▶ **What the task requires**
Retype, word for word, the line holding "心动小镇🔥探索全攻略来啦！玩家必看👇截图3" and each line after it down to the end of the data; pictures are not copied.

▶ **Given records**
▼▼▼
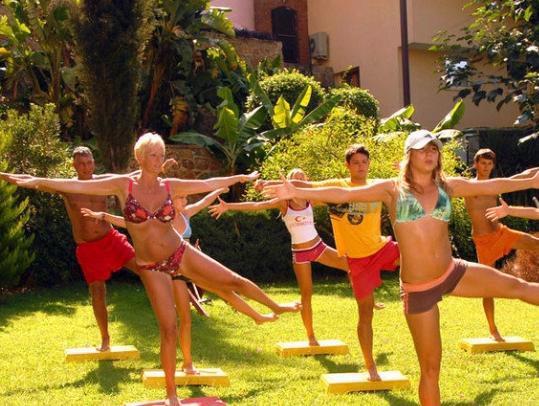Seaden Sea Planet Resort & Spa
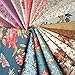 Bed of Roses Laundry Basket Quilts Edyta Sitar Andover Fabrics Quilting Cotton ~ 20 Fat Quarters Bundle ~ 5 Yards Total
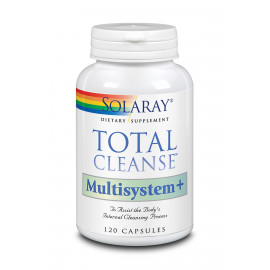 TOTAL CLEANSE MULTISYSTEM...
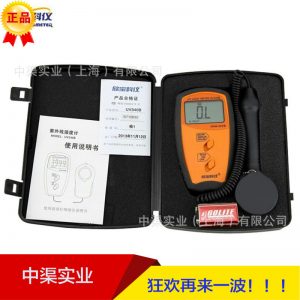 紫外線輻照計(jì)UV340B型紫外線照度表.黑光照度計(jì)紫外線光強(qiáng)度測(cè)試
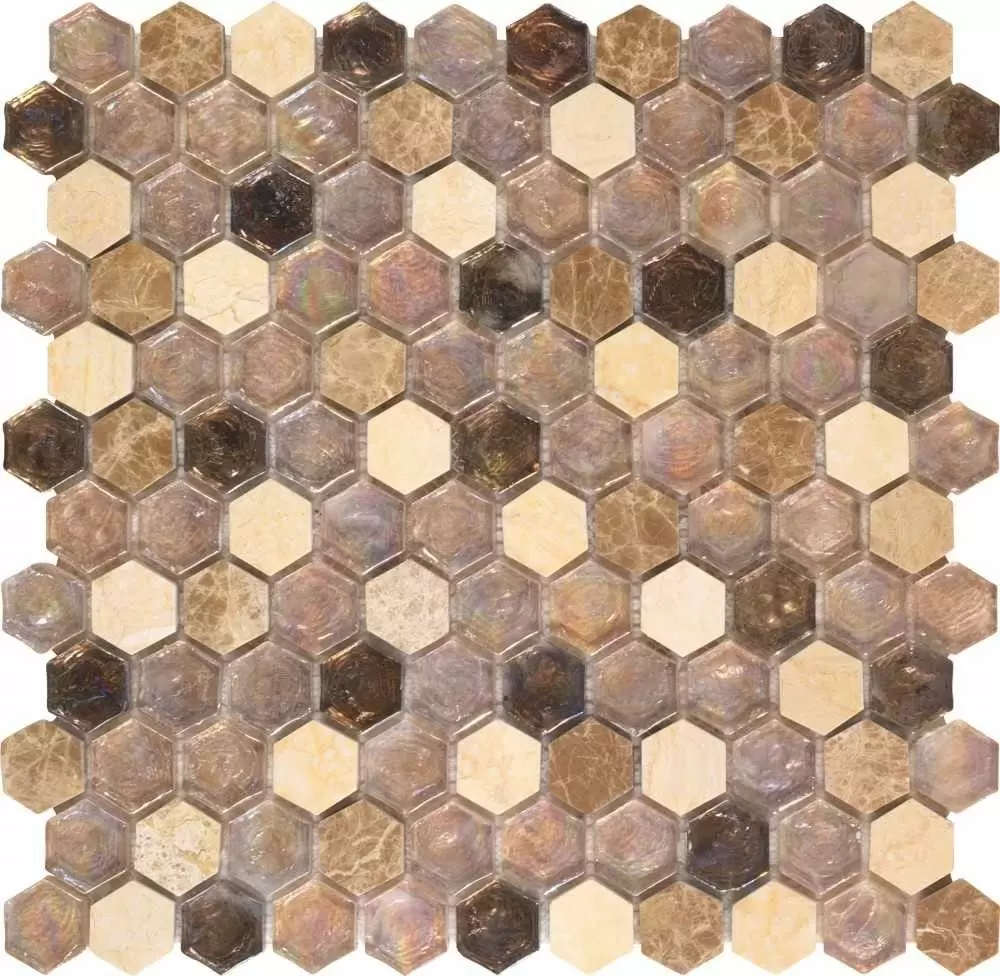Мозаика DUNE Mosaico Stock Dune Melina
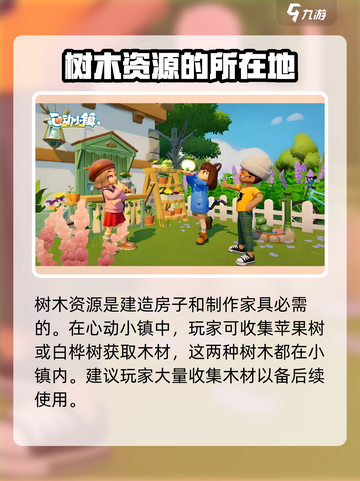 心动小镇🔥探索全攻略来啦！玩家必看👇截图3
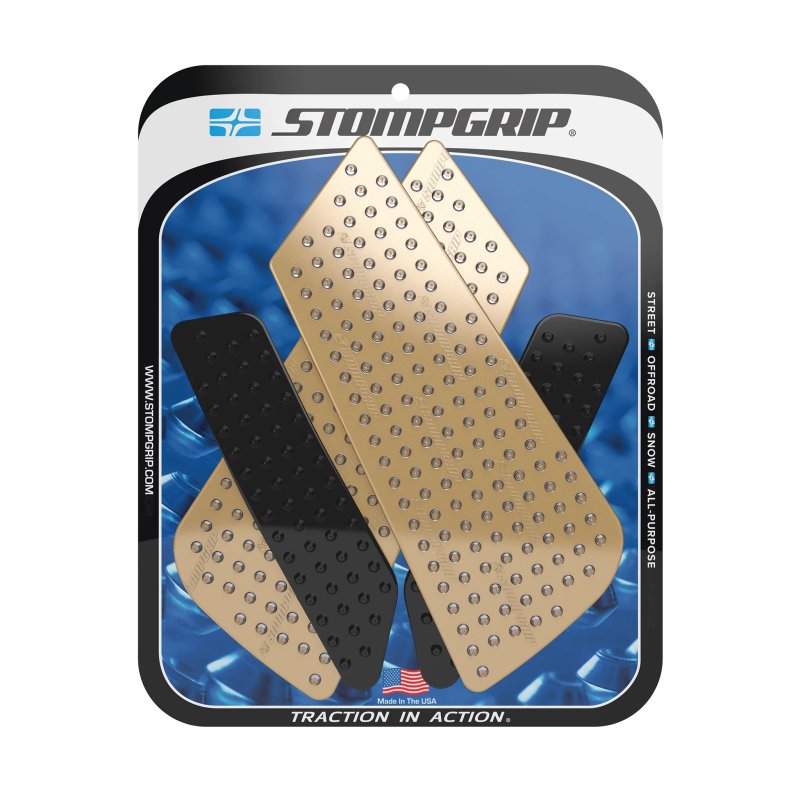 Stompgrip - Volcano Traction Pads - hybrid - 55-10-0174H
▲▲▲
▶ **Final answer**
 心动小镇🔥探索全攻略来啦！玩家必看👇截图3
 Stompgrip - Volcano Traction Pads - hybrid - 55-10-0174H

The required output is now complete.